Option and results panels for the ``Long to Wide``-function from ``jTransform`` using the |drugs_long|_ data set — Fig. 55 Option and results panels for the `Long to Wide`-function from `jTransform` using the `drugs_long` data set

In the same way, we could convert back the transformation of the choice data set into long format. We use the Long to Wide function, assigning the measures (i.e., PC and MRT) to Variables To Be Transformed, the within-subject factor that specifies the condition (i.e., cond1 and cond2 or day and block if we changed the names) to Variables That Differentiate Within a Unit, the ID variable (id) to Variables That Identify the Same Unit, and the between-subjects factor (gender) to Variables Not To Be Transformed. Again, we check the Data Preview and the Repeated Measures Levels, and use the Create-button once these two outputs indicate that the transformation gives us the intended result. This produces a data set in wide format containing the same variables as the original choice data set.
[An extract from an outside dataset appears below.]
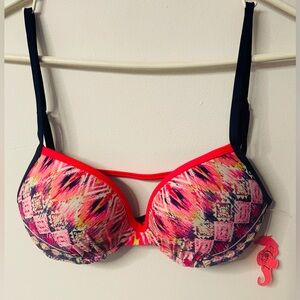 Coral Tropics By Apollo swim bikini Top size Small NWT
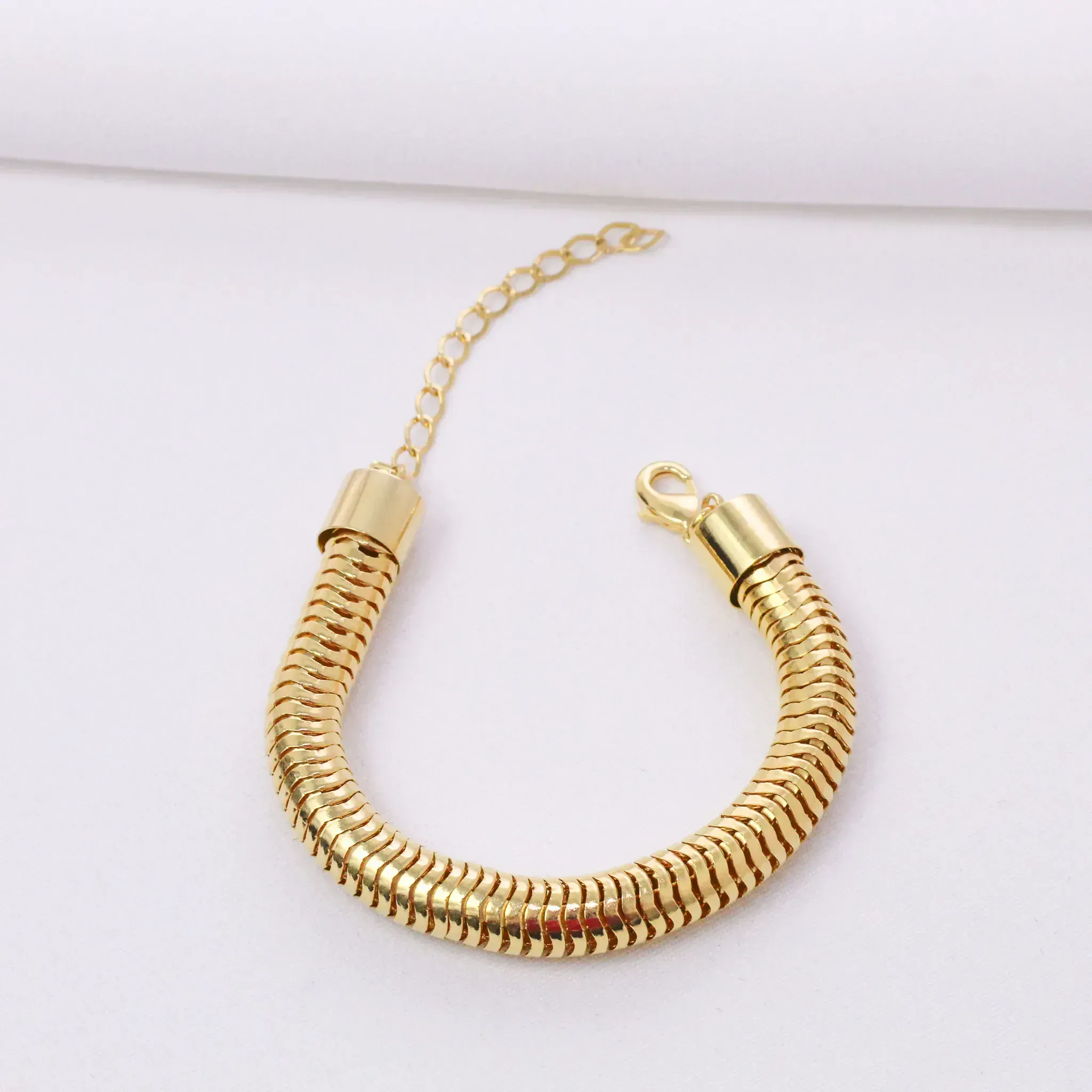PULSEIRA FIO ALEMÃO OCO GG BANHO OURO 18K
Finally, the Long to Wide function implements an option to accumulate data over conditions. Let us assume that we after all decide that we are only interested in the long-term effects (day1 vs. day2). We would then use the Long to Wide function (Fig. 56), assign the measures (i.e., PC and MRT) to Variables To Be Transformed, the within-subject factor that specifies the condition we would like to keep (i.e., cond2 or day) to Variables That Differentiate Within a Unit, the ID variable (id) to Variables That Identify the Same Unit, and the between-subjects factor (gender) to Variables Not To Be Transformed. The function would then calculate the mean (or take the first value, depending on what setting we choose for How to Accumulate) over the occurences of cond1 or block. You can get an impression of the difference when you compare the Data Preview while adding and removing the cond1 or block variable to Variables To Be Transformed.

Option and results panels for the ``Long to Wide``-function from ``jTransform`` using the |choice_long|_ data set and accumulating over the condition ``block`` — Fig. 56 Option and results panels for the `Long to Wide`-function from `jTransform` using the `choice_long` data set and accumulating over the condition `block`

The advantage to the functions described in the previous section is that they solve (commonly encountered) problems with a minimum of fuss. The disadvantage is that these function are relatively limited in scope.
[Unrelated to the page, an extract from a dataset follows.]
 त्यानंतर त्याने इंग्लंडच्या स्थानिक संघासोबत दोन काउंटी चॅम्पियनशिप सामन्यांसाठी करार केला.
For more advanced operations, one may have to use R-code. There are two approaches for doing that. The first, and easier, approach is to use the Rj editor (one of the numerous jamovi modules). There you can carry out manipulations on the data set you have currently opened in your jamovi session (you can access it as data in the Rj editor) and afterwards you can open the manipulated data set in a new jamovi session using the openNew-function. The second approach is to open your data set in an R-session, using the function read_omv from the R-package jmvReadWrite (cf. Syntax mode). Alternatively, for creating a new data set, you would read information from, e.g., log files, using the R-function read.csv, extract the information you need from those files into one data frame which you then write into a format that can be opened in jamovi (using, e.g., saveRDS from base R or write_omv from jmvReadWrite).